Petitioners also argued that the State's arbitration policy is impliedly recognized in an earlier agreement (which is prior to the policy notification) entered between the MEPIDPL and the MSRDC, under which the nature of the work was similar, namely toll collection, in respect of the five Mumbai entry points, petitioners argued. Facts in the second petitioner's case were different but the cause of action is similar.
After hearing submissions on behalf of both parties and examining the same, Court noted-
"What is significant is as to what is provided in clause (iv)(supra) that only with the consent of the parties to the contract/agreement, the existing agreement and / or contract can be suitably amended or altered to provide for a dispute resolution mechanism for referring the disputes to an Indian Arbitration Institute. It is thus not a policy of the State Government that it would mandate compulsory imposition of an arbitration agreement, qua the existing contracts so as to automatically amend such contracts as entered between the parties, by such executive fiat. This cannot be done in law.
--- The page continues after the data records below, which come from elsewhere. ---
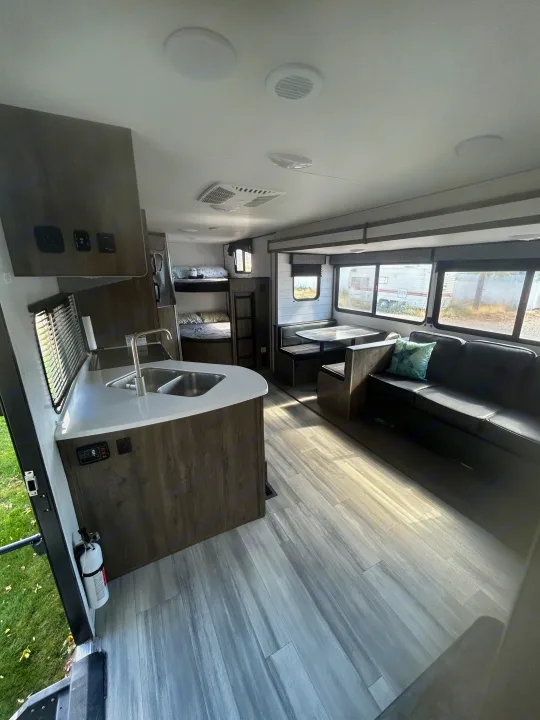 Modern RV rental interior featuring a full kitchen, dining booth, comfy sofa, and cozy bunk beds.. Heartland RVs Pioneer 2022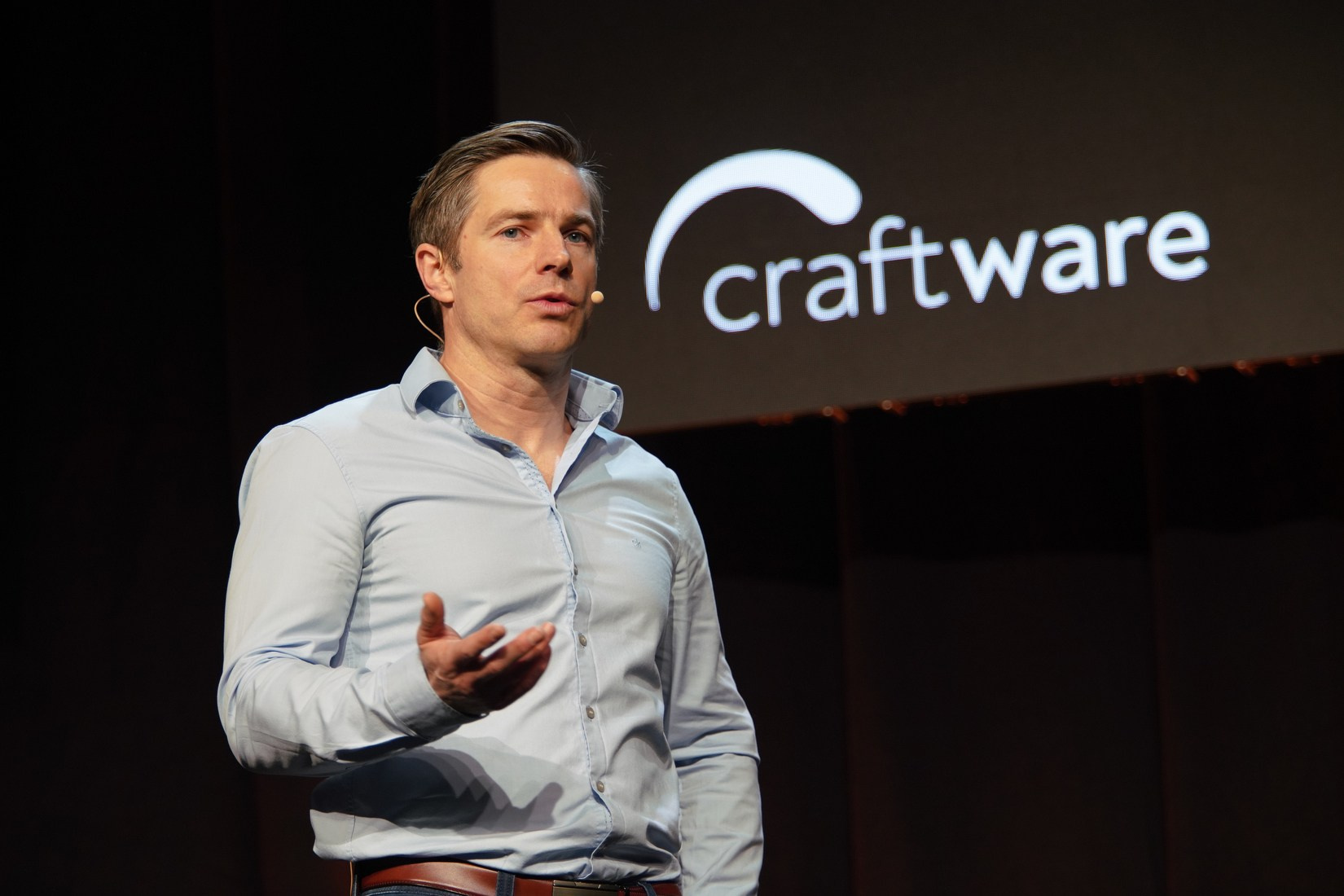 Jacek Zawlocki CEO Craftware speaking on stage at Orange Business Sales Kick-Off 2026 Hilton Prague.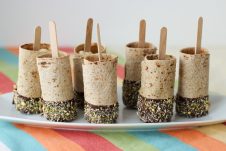 Photo of a plate of multiple vegan chocolate dipped banana roll ups on a stick.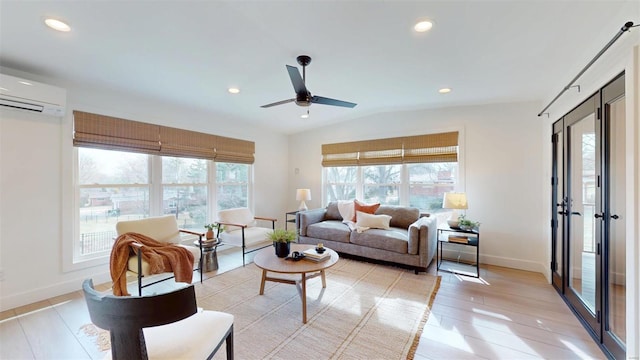 living room featuring ceiling fan, lofted ceiling, light wood-type flooring, and a wall unit AC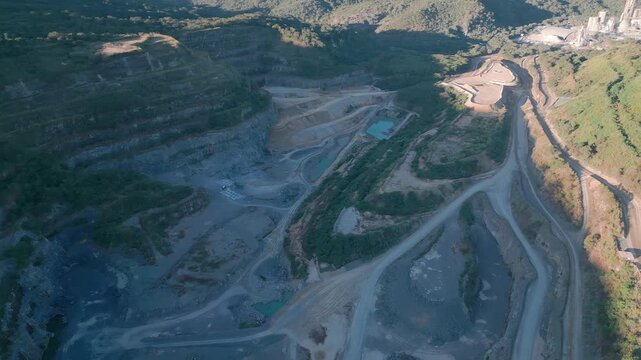 Massive open pit mining complex spreads near Fercal, Bras&iacute;lia, Federal District, Brazil, top down overhead drone yaw reveal terraced excavation systems, haul road networks, engineered extraction scape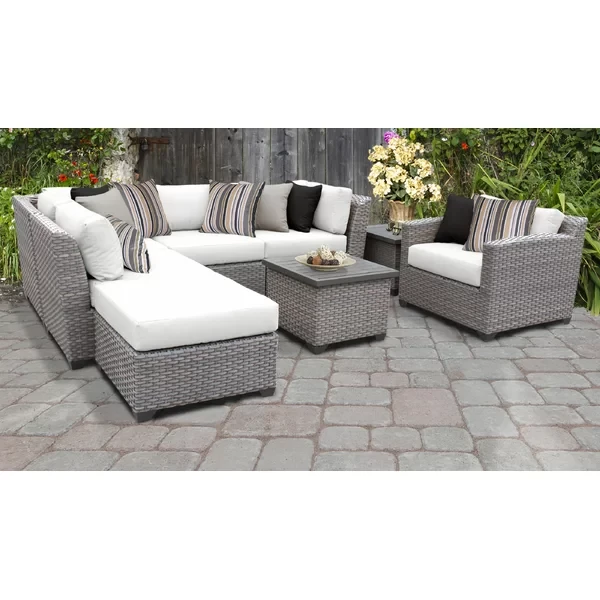 Amjad 8 Piece Rattan Seating Group with Sunbrella Cushions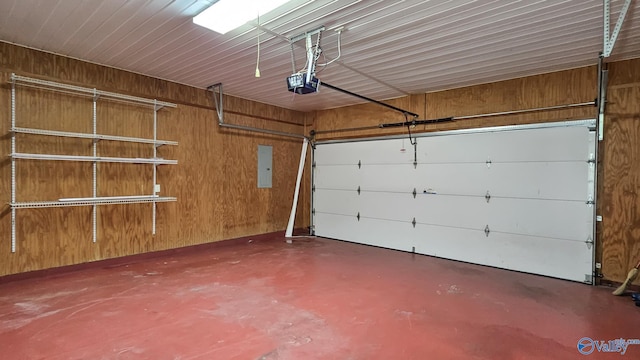 garage with electric panel and a garage door opener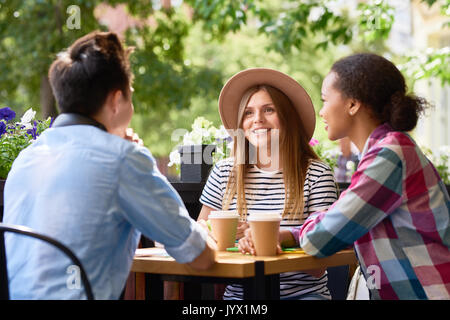 Students Chatting at Lunch in Cafe Outdoors Stock Photo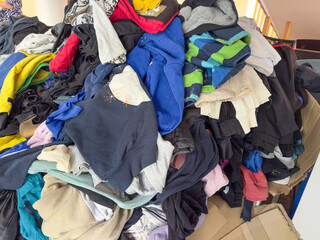 Large pile of mixed used clothing in various colors and styles. Concept of textile recycling, second-hand donation, or fashion waste. sustainability, reuse, Lost and Found, Laundry Chaos, Thrift Store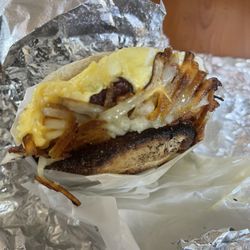 Bacon egg hash browns and cheese on a large English muffin. $6.95! Excellent!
In our opinion, the contracting freedom and the free consent of the parties, to have mutually agreed terms in a contract is in no manner disturbed, when this policy recognizes that only with the consent of the other parties namely the contractors the existing agreement can be changed. Admittedly no initiative has been taken by the MSRDC to demand arbitration."
Furthermore, the bench said-
"A judicial review as to what should be the terms and conditions of an agreement, is certainly not the jurisdiction of the Court and that too the extraordinary jurisdiction under Article 226 of the Constitution. If such interference is made, it would amount to this Court sitting in appeal over the contractual freedom exercised by the MSRDC.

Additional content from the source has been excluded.